David James replied to the topic 'Alternatives to Raspberry Pi4?' in the forum. 3 years ago

My current rig employs a Lenovo ThinkCentre M93P 'Tiny' "desktop" machine, though it uses a laptop power connector.

The specs of mine include 5 USB 3.0 ports (no 2.0), an Intel Dual-Core i5-4570T Processor up to 3.60 GHz, 8GB RAM and a 240GB SSD. I installed Kubuntu 20.10 alongside Win10Pro. I bought it refurbished so I didn't spend an enormous amount. It also came with a rather lame USB 2.0 2G wifi stick, a cheap keyboard and a mouse that rattles (for real). I upgraded the USB wifi to a USB 3.0 5G dongle with an antenna. I also made some changes to the BIOS to allow booting without a keyboard. I run krfb on it as a remote desktop server (it seems to default to 1024x768 when no monitors are plugged in).



It's about the size of a counterweight and weighs almost as much as well. To mount it I also bought a VESA bracket that holds the computer and which is usually intended to suspend the unit off the back of a monitor or television (obviously not one that's actually mounted to a VESA mount). I built a receiver for the VESA bracket out of plywood that attaches to the end of my EQ6's counterweight bar, so it acts as a counterweight.

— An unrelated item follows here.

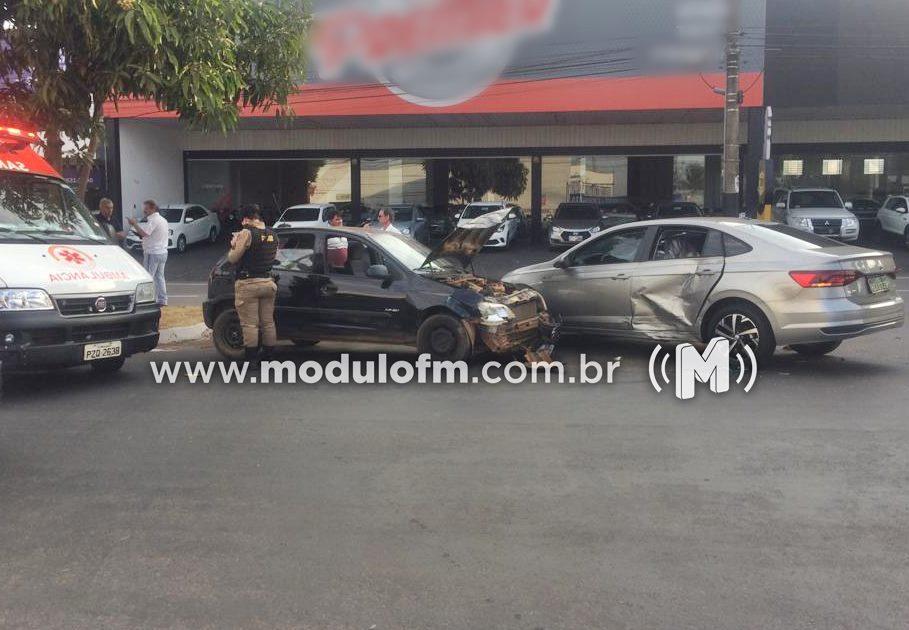 Motorista sofre lesão na cabeça após colisão entre veículos...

It almost weighs enough to properly counterweight the rest of the rig (!), at least when the Evostar72 is on and would probably do so if the guidescope were omitted. I only have 10lb weights (the mount originally carried a 10" Newtonian which I still have) and if I add even one right at the top of the bar it dramatically overbalances the counterweight end, so I'll need to find a way to add some smaller weights to the rig but it is pretty close to balanced already.



As you can see I have a powered USB 3.0 hub velcroed to the backside of the EQ6, so all rig-related USB cables emerge from here. The hub itself uses 12v, so it can be powered from the same distribution centre as everything else, which I have velcroed onto the control panel side of the EQ6.



What's great about this is that the SSD is big enough for all the Astrometry.net FITS for plate solving and with fast processors aboard it solves in a second or two. The SSD also has legions of space for saving FITS from the camera.